Photo de gauche : mérier à tisser à Oaxaca (état d'Oaxaca, Mexique)

Les orfèvres, les potiers et les tisserands d'Oaxaca sont les lointains descendants des zapotèques qui bâtirent Monte Albán, sur une colline surplombant l'actuelle cité, et des Mixtèques qui leur succédèrent à Mitlá une quarantaine de kilomètres plus loin, ainsi qu'à Yagul, Dainzú, Lambityeco et Zaachila.



La visite de ces ruines justifie à elle seule un voyage dans la région. Personne n'a pu expliquer jusqu'à présent d'où viennent les Zapotèques et leurs successeurs les Mixtèques.
Néanmoins il ne faut pas sortir du cadre de certaines données tenues pour certaines par les archéologues : les Zapotèques furent profondément influencés par les Olmèques qui peuplèrent la côte du Golfe il y a sans doute trois à quatre mille ans. Les stèles qui figurent des personnages dansants et les hiéroglyphes qui les accompagnent attestent cette influence.

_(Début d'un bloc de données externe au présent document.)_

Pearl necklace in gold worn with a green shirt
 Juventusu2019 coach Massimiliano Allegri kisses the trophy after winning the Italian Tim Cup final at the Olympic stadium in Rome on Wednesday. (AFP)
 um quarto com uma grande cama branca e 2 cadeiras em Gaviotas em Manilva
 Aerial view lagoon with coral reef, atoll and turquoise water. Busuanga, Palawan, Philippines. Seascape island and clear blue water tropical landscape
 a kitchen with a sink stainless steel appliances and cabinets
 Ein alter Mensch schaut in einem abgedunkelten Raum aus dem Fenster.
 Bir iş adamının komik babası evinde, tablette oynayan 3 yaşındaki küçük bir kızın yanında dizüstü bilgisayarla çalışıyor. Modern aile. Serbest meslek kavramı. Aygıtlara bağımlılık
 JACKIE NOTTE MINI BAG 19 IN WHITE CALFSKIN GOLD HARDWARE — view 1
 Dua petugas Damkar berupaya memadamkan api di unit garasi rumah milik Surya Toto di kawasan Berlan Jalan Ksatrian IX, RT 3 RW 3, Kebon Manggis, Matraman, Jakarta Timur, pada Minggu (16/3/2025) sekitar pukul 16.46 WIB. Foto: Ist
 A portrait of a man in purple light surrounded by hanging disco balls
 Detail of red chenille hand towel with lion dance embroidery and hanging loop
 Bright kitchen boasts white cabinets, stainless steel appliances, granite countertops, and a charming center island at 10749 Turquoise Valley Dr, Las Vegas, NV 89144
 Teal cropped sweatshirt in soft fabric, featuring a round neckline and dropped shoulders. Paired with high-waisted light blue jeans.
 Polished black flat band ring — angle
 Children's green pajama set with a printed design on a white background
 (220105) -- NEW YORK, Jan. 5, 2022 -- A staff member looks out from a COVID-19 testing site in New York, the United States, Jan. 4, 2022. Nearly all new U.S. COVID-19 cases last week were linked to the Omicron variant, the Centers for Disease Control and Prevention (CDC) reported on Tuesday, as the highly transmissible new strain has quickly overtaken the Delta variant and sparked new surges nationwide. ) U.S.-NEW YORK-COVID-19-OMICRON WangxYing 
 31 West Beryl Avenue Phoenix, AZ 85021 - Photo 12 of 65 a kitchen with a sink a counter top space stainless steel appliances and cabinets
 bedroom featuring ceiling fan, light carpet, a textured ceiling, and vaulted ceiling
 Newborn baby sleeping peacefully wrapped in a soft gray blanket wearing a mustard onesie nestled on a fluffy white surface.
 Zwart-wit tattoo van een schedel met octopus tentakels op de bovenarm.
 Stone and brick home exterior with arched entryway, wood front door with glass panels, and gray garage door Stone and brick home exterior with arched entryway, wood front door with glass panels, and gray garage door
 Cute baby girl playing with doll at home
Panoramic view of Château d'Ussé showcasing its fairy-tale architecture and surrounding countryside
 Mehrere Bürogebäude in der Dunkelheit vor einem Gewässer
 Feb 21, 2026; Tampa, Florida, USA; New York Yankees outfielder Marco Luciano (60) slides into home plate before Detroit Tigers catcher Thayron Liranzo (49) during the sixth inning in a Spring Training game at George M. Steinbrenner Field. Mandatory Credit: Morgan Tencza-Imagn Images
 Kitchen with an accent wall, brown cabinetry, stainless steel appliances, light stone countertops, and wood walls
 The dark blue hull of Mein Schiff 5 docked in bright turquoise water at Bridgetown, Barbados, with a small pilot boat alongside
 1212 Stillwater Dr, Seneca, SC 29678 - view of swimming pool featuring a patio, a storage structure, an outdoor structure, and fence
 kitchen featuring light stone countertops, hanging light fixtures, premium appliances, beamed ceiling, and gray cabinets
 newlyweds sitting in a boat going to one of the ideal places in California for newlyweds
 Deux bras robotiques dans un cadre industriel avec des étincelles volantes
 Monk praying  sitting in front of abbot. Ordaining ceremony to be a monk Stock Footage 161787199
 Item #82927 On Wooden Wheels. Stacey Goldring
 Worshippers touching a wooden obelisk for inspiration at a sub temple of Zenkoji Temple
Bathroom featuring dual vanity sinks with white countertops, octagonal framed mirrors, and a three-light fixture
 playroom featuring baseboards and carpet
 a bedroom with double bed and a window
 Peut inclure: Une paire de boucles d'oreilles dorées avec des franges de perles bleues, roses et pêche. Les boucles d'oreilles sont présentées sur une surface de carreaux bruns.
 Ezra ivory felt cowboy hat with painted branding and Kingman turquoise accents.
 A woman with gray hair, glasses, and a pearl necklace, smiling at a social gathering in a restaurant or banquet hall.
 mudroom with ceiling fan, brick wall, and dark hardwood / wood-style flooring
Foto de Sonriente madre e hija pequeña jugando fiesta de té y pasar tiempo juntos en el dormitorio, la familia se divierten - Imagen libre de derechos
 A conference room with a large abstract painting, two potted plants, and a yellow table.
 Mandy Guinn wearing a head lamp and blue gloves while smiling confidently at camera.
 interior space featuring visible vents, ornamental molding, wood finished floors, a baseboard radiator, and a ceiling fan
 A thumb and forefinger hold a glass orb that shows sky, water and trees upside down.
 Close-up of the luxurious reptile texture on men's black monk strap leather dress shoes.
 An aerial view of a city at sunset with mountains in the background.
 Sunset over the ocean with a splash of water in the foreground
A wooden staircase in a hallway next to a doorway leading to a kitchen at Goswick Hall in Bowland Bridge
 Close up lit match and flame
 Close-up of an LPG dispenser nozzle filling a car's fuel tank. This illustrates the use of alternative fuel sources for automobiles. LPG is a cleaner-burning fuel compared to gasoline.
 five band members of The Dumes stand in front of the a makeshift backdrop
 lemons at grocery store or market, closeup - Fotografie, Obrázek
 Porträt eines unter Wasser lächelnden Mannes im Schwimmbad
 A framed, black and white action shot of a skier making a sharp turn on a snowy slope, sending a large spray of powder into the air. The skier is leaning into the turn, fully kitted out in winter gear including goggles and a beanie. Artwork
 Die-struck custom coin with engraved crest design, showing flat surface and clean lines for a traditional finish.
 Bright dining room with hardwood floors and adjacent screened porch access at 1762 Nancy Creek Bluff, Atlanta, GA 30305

Le Musée régional d'Oaxaca renferme une collection incomparable d'objets d'art zapotèques et mixtèques en or, jade et turquoise provenant de la tombe VII de Monte Albán.

L'état compte plus de 500 000 artisans, qui donnent libre cours à leur talent et imagination tout en respectant les moyens et techniques traditionnels. Visitez les différents ateliers dans les villages aux alentours d'Oaxaca (30 km au maximum). Vous verrez la fabrication ou la production que ce soit en céramiques, poteries, textiles, travail du bois...etc.